Before you decide to change the reason why you discharged a worker, consider the possible impact of a potential lawsuit.
For example, if an employee is fired soon after an alleged act of sexual harassment and you later change the reason, a court could consider that evidence that it was just a pretext—an excuse to get rid of the employee. Such a shifting explanation will almost certainly be viewed suspiciously.
Recent case: Leroy went on a business trip to Atlantic City with his boss Christine. He later alleged that she invited him to her hotel room and tried to lure him into a sexual relationship. He said he rejected her advances.
When he returned to work after the incident, he was terminated, allegedly for theft. Later, the employer changed the discharge reason, saying Leroy had been fired for fighting, behaving disruptively and being unprofessional.
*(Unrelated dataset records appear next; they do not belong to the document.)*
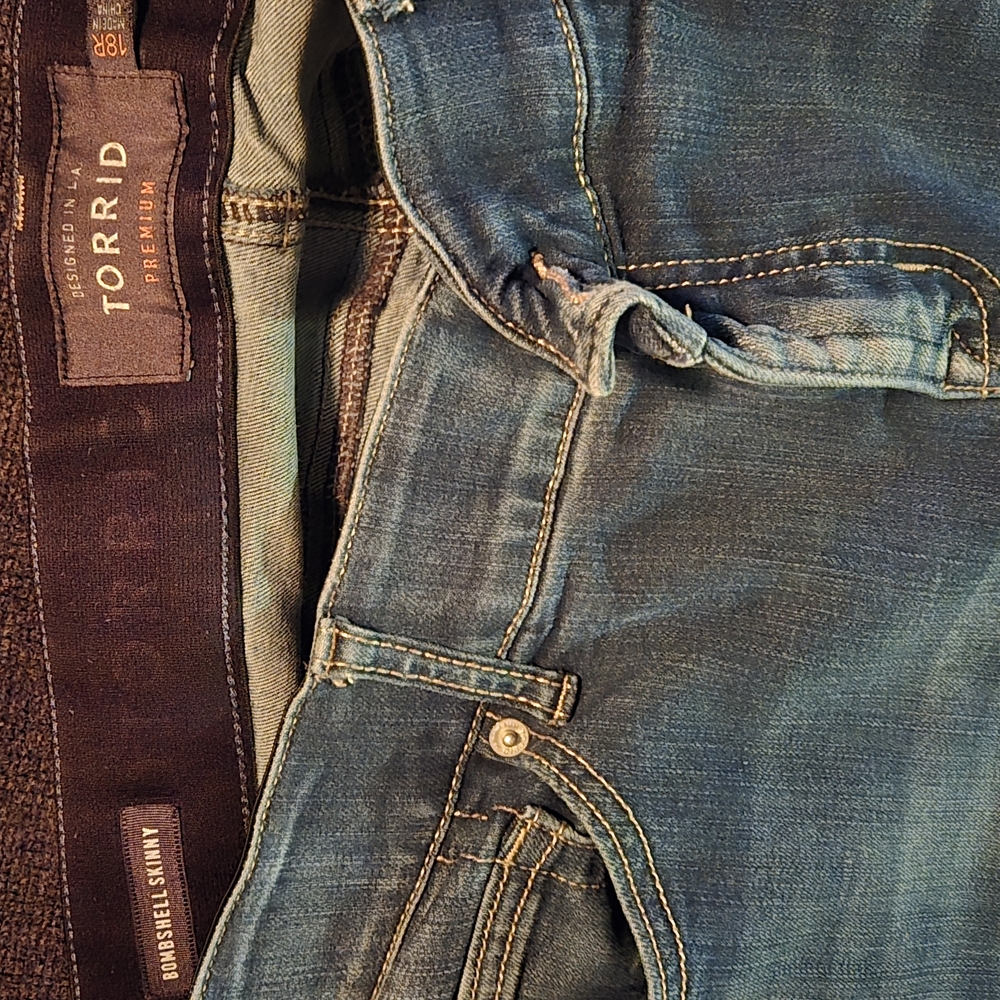 Torrid 18R Bombshell Skinny Jeans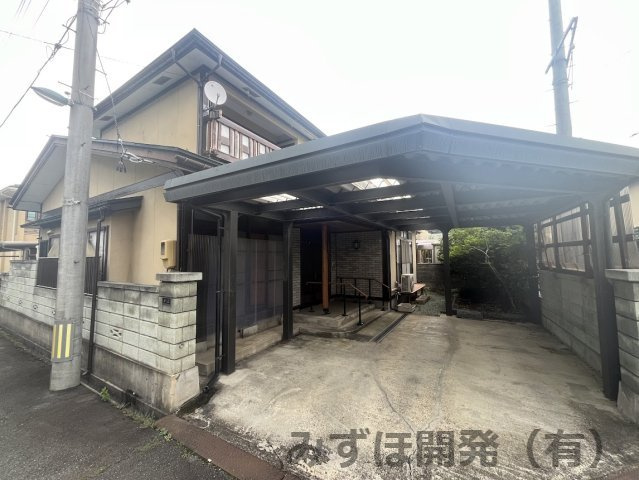 山形市鈴川町3丁目10-22の外観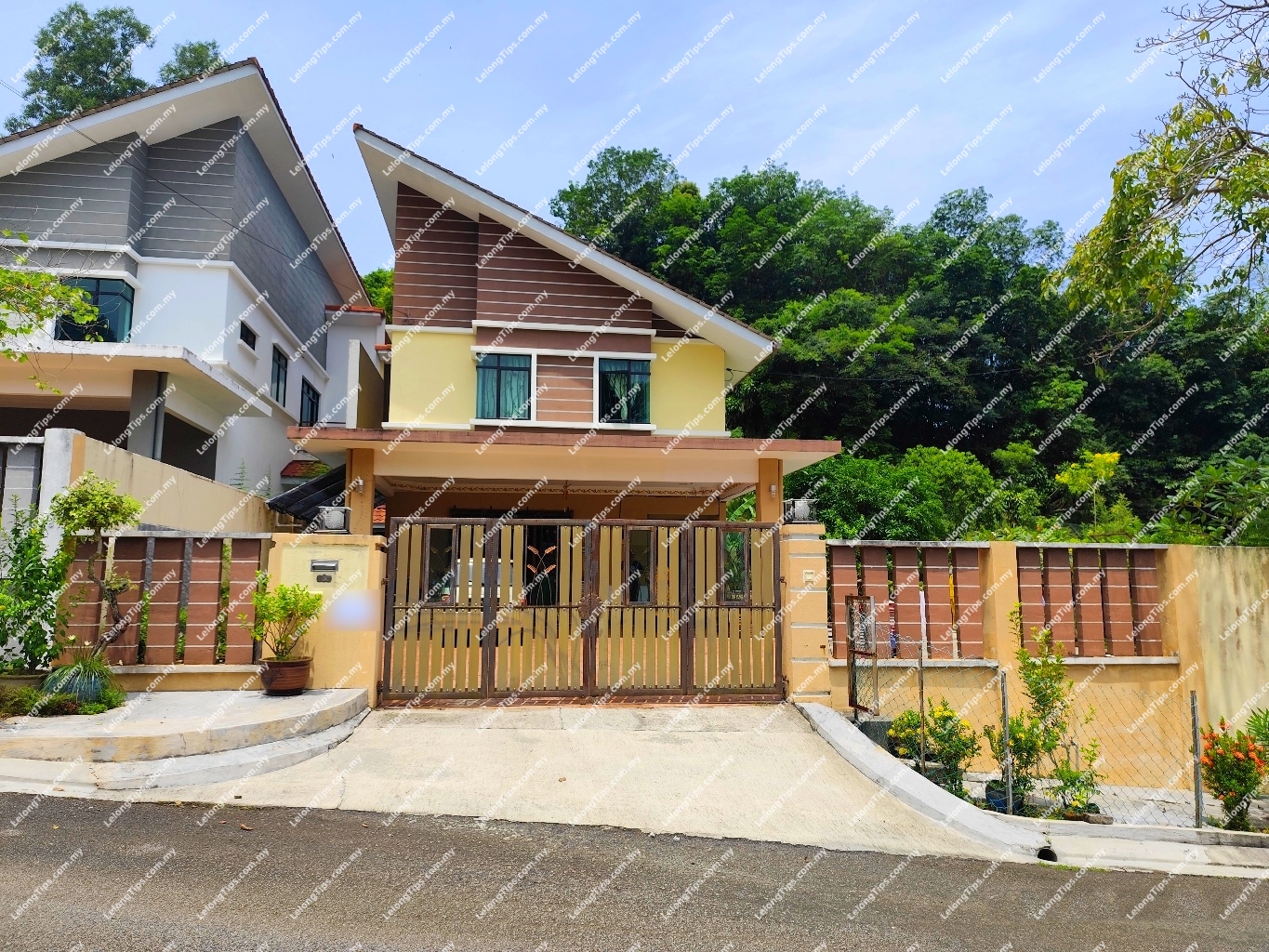 2 Storey Semi Detached House 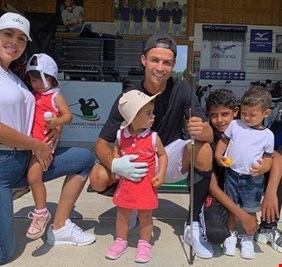 رونالدو: غيرت القناة لشعوري بالخجل أمام الأطفال وجورجينا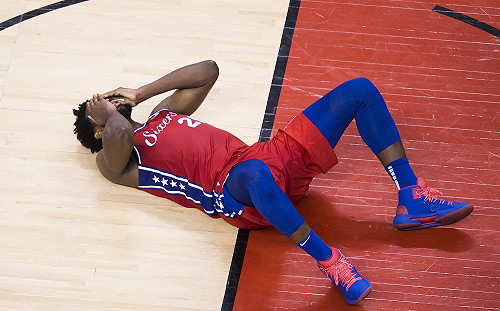 NBA／搶七遭淘汰超難過  恩比德賽後掩面痛哭(影)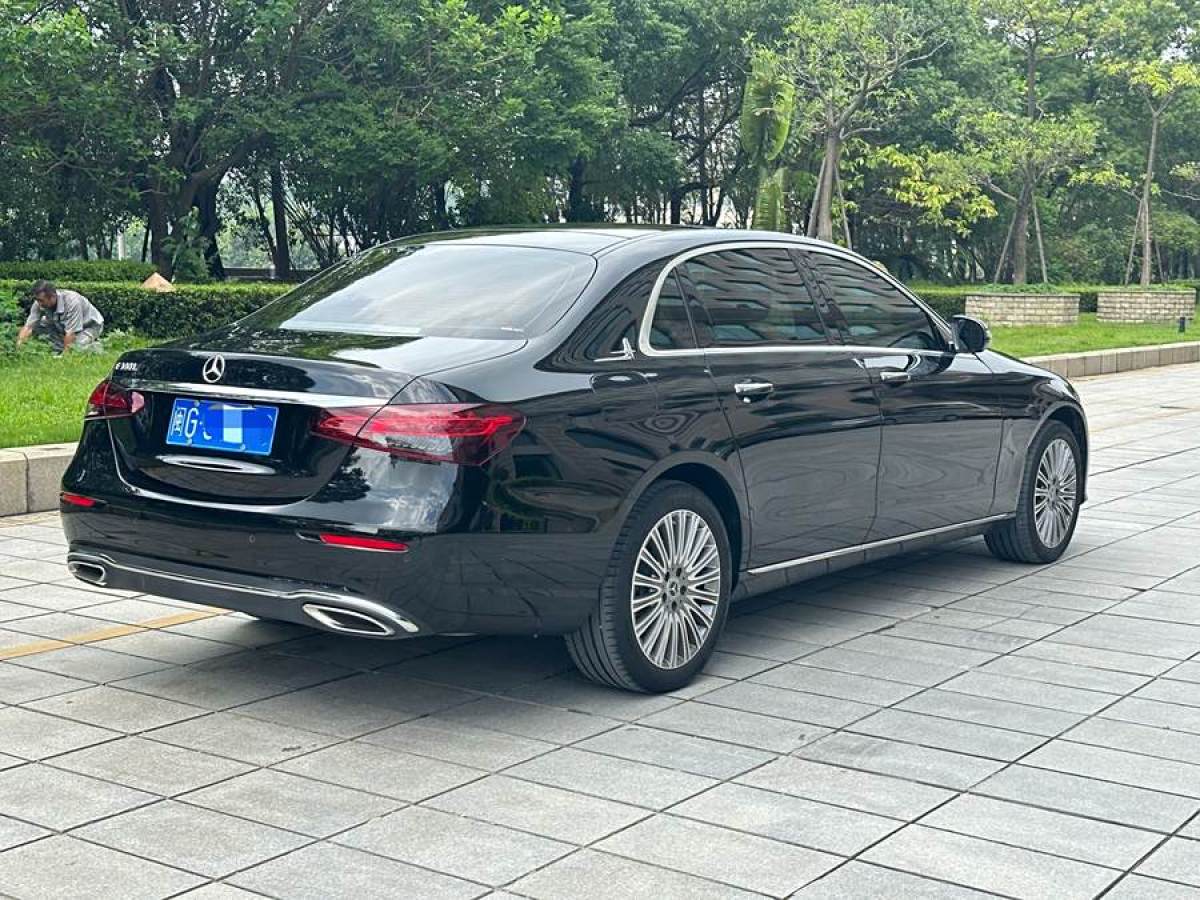 奔馳 奔馳E級  2023款 改款 E 300 L 豪華型圖片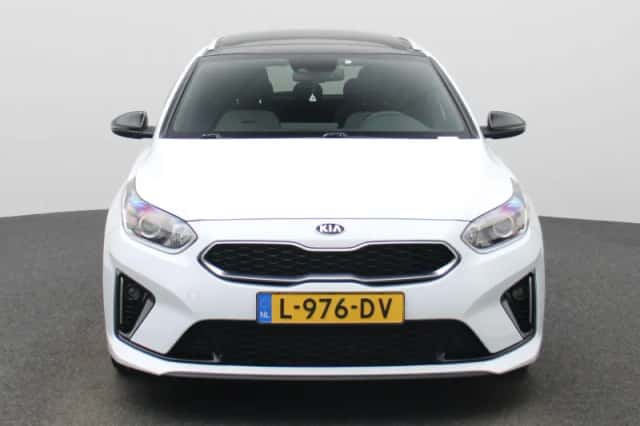 Kia Ceed (2021) thumbnail 3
Leroy sued. He recounted months of sexual harassment at work before the proposition in Atlantic City. He alleged he was fired in retaliation for refusing to succumb to Christine’s advances.
The court said his case could go forward based in part on timing—the discharge occurred so soon after the alleged sexual proposition. Plus, the court said Leroy could use the shifting explanation for his firing as additional evidence that the real reason he was fired was because he refused to engage in sexual activity with Christine. (Byrd, et al., v. Elwyn & Elwyn, No. 16-02275, ED PA, 2016)
Final note: Two other male employees had also alleged that Christine propositioned and sexually harassed them. She allegedly commented on male anatomy—suggesting that some of the men were “really packing”—and generally engaged in sexually suggestive commentary. Remember, sexual harassment doesn’t always involve male-on-female harassment.